SHANGHAI -- Smaller Chinese companies are starting to curb hiring in 2019, threatening to put further pressure on weak consumer sentiment as the economy slows.

A Nikkei survey of 30 companies present at job fairs in the neighboring cities of Shanghai, Kunshan and Suzhou last week found that 10 of them plan to cut back or freeze hiring in 2019 from a year earlier.

Late February is normally the busiest season for job hunting and hiring in China, as workers return to cities after the Lunar New Year holiday. But a job fair at a Kunshan career center last Thursday was nearly half empty.

Only 80 companies, mostly manufacturers, participated as many gave up on hiring or left booths unattended with only their names displayed.

Suffering from trade tensions, suppliers of liquid-crystal displays and smartphone components in particular plan to cut back on hiring. Taiwan-based display maker AU Optronics said it will take on just 20 to 30 people in China this year, down from 2018's target of 60 to 80.

A Shanghai-based maker of air conditioning components said it would cut 20 assembly-line workers owing to a drop in orders. "We are only hiring sales managers," said the company.

China's economy has slowed noticeably since the second half of 2018, but employers face strong social pressure against job cuts. Many companies appear to have held off on adjusting their hiring to economic conditions until after the Lunar New Year.

Applicants crowd into a recent job fair in Shanghai. Many prospective employers cut hiring this year. (Photo by Yusho Cho)

Those companies that have stopped short of layoffs are increasingly limiting wages. Pegaglobe, a Kunshan-based affiliate of Taiwanese iPhone assembler Pegatron, said monthly take-home pay ranges from 3,500 yuan to 3,600 yuan ($523 to $538) compared with going rates of 4,000 yuan to 5,000 yuan at nearby manufacturers. Overtime has fallen owing to a drop in orders, a company representative said.

Compal Information Technology (Kunshan), a unit of Taiwanese computer maker Compal Electronics, said it expects wages for May-July to be down to the 2,000 yuan range.

Not every employer is so bearish.
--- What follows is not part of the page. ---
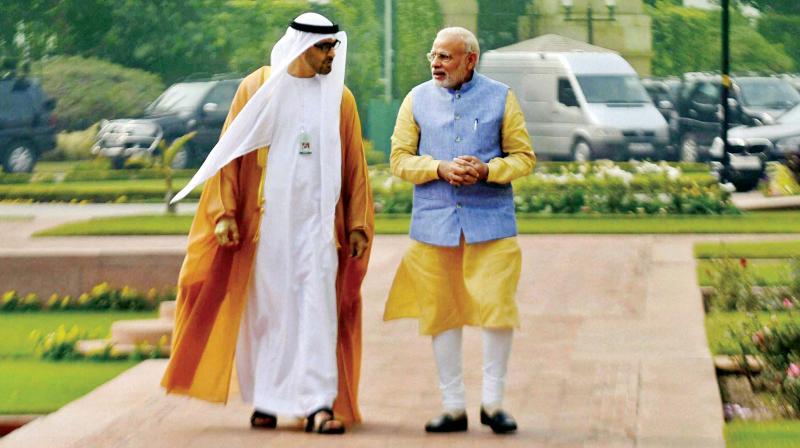 Prime Minister Narendra Modi with the Crown Prince of Abu Dhabi Sheikh Mohammed bin Zayed al Nahyan at Hyderabad House in New Delhi on Wednesday. (Photo: PTI)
Qingdao Chengri Construction Machinery, whose earnings are driven by subway construction and other infrastructure projects, is upbeat about the year ahead. The Shanghai distributor for Japan-based Hitachi Construction Machinery said it expects to pay generous bonuses this year.

Large companies began to cut payrolls in earnest late last year. Beiqi Foton Motor said it is streamlining its organization and personnel as the Borgward passenger car -- a revived German brand -- struggles. A UBS survey of 200 export-related manufacturers found that more than 60% were suffering from U.S.-China trade tensions. Of that amount, a third said they would let workers go within the next six months.

Even high-growth startups are maturing to the point where they need to worry about profit margins. Chinese ride-hailing leader Didi Chuxing said this month it would not renew the contracts of 2,000 low-performing workers, or about 15% of its workforce. The Uber Technologies rival will boost hiring in technology and other roles, keeping its overall number of employees flat.

Although hiring has slowed, Chinese cities are not overflowing with jobless laborers from the hinterlands. Job search site Zhaopin reports 2.38 job openings per applicant in the October-December quarter. While that is down from the year-earlier level of 2.91, China still suffers from a labor shortage overall. Many workers appear simply to have stayed in their home rural areas after the Lunar New Year.

But the chances of finding one's ideal job are lower, and applicants are feeling cornered into settling for lower wages to find work, job hunters say.

"I worked at an electronics factory from 2011, but I was let go after my contract expired," said Tian Lei, who was born in 1994. "My priority is just to find a job now."

"Pay is often late for my current job as machine repairman," said a 36-year-old man. "I want to find a job that pays me on time."

Consumers are tightening their purse strings as prospects for income growth fade. The slide into single-digit growth for retail sales is evidence of the slump in Chinese consumption and suggest continued weakness in consumer confidence to come.